「脱中国化」と「脱米国化」、大国競争に勝つのは誰か―香港メディア

2025年5月25日(日)10時0分 Record China

18日、香港メディア・香港01は、米国と中国が互いの依存から脱却する競争を繰り広げており、いち早く脱却できた方が世界秩序の再構築で優位に立つとする評論記事を掲載した。

2025年5月18日、香港メディア・香港01は、米国と中国が互いの依存から脱却する競争を繰り広げており、いち早く脱却できた方が世界秩序の再構築で優位に立つとする評論記事を掲載した。
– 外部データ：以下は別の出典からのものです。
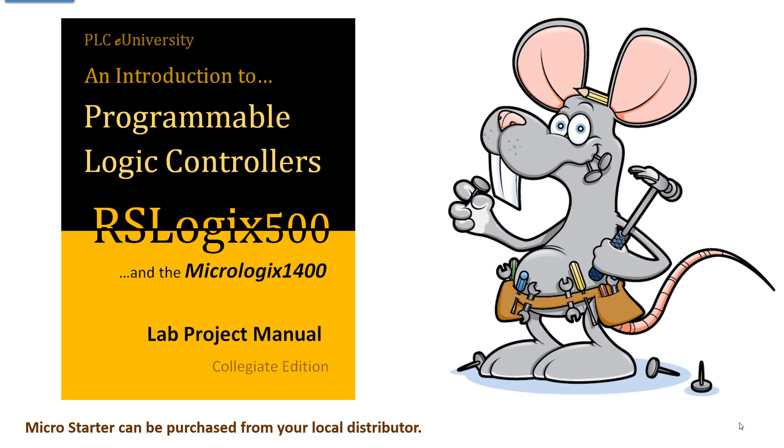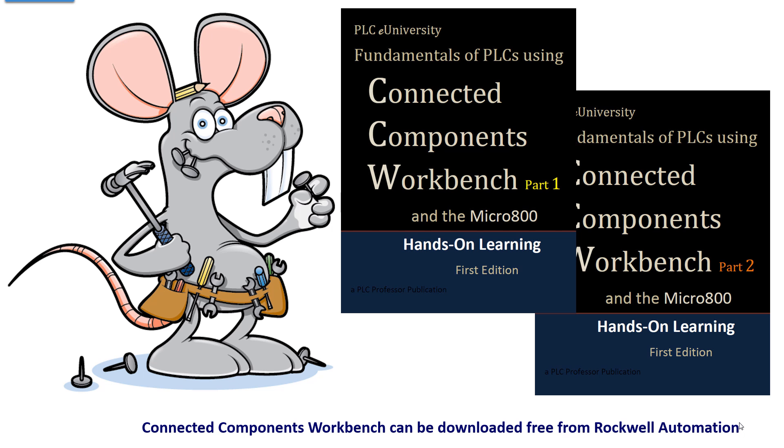The software for this is MicroStarter, and it can be purchased from your local distributor. If you're using the Micro 800 processors, you'll find those projects in this set of manuals. Connected Components Workbench can be downloaded free from Rockwell Automation.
記事はまず、米中両国がこのほど相互関税に関する共通認識に至り、その成果が想定を超えていたとする一方で、関係改善の動きは表面的なものであり、その根底にある構造的な対立は変わらないと指摘。覇権を維持したい米国と国際的な地位を高めたい中国の狙いは根本的に相いれず、米国の貿易赤字などの経済面、半導体や中国の軍民融合戦略などの技術面、台湾問題をはじめとする地政学面のいずれにおいても対立を続けていくことになるとの見方を示した。
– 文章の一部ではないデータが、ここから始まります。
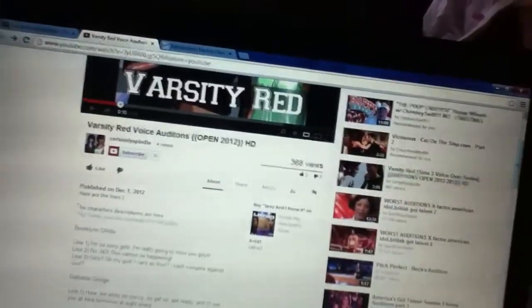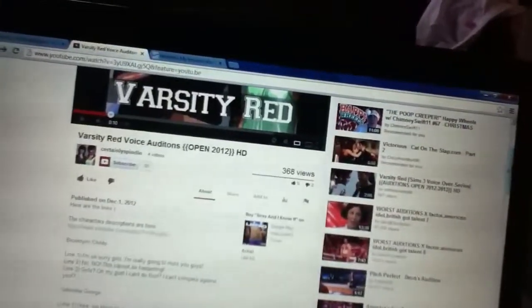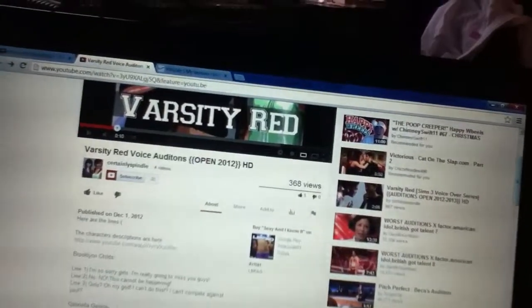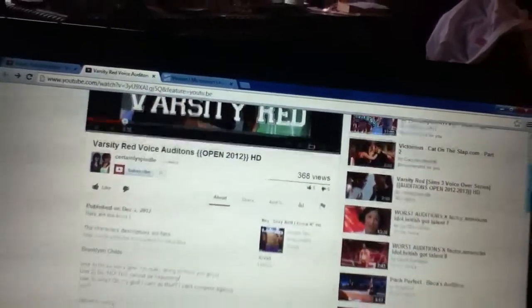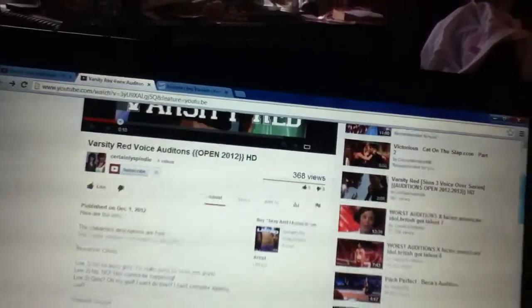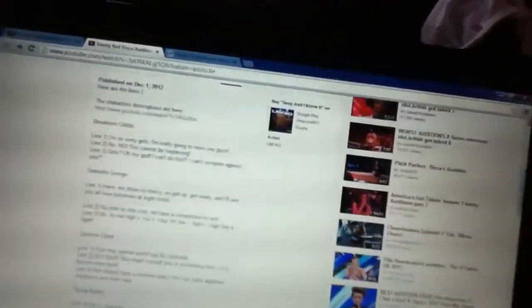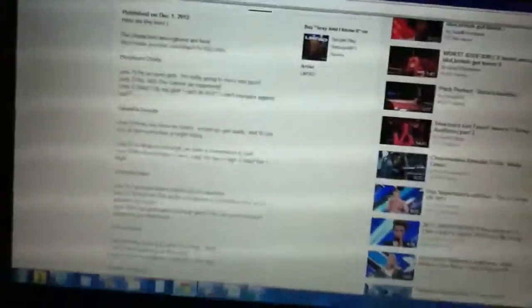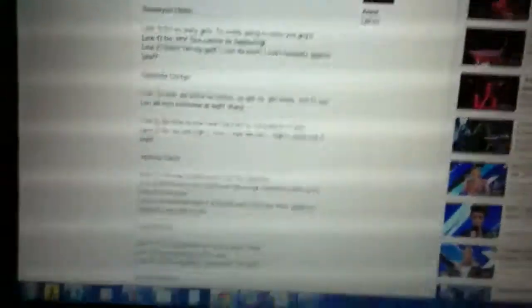So I'm going to try it for Varsity Red by Certainly Spindle. Sorry if I mess up because I'm doing this in one take.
そして、両国が対立する中で米国は「脱中国化」、中国は「脱米国化」をそれぞれ進めているとし、米国は生産拠点を中国からベトナムやインド、メキシコへと移転する、半導体を主とする先進技術の輸出や投資の規制を行う、国内製造業や同盟国とのサプライチェーン連携を強化するといった側面から「脱中国化」を目指していると説明。一方の中国は半導体や人工知能(AI)の国産化、研究開発強化といった技術的自立、内需主導型経済に向けた国内市場の育成と消費拡大、「一帯一路」など自国主導の国際経済圏や多国間協力の推進、人民元の国際化による米ドル支配からの脱却といった形で「脱米国化」に向かっていると解説した。



その上で、米国の「脱中国化」と中国の「脱米国化」の競争では、迅速かつ効果的に相手への依存を断ち切れた方が今後の国際秩序における優位性を獲得できると予測。米国は基礎研究やイノベーション、同盟国のネットワーク、国際基礎通貨としての米ドルといった強みを持つ一方で、既存の世界的なサプライチェーンからの切り離しが難しい、国内製造業の再構築に時間がかかる、膨大な中国市場からの脱却が容易ではないという困難を抱えているとした。一方、中国は巨大な市場と生産能力、政府のトップダウンによる政策実行力、発展途上国への影響力といった強みを持つ一方、先端技術分野での対米依存が難しい、国際的な信頼性や地政学的孤立のリスク、国内経済の低迷により内需拡大が難しいという課題を抱えていると論じた。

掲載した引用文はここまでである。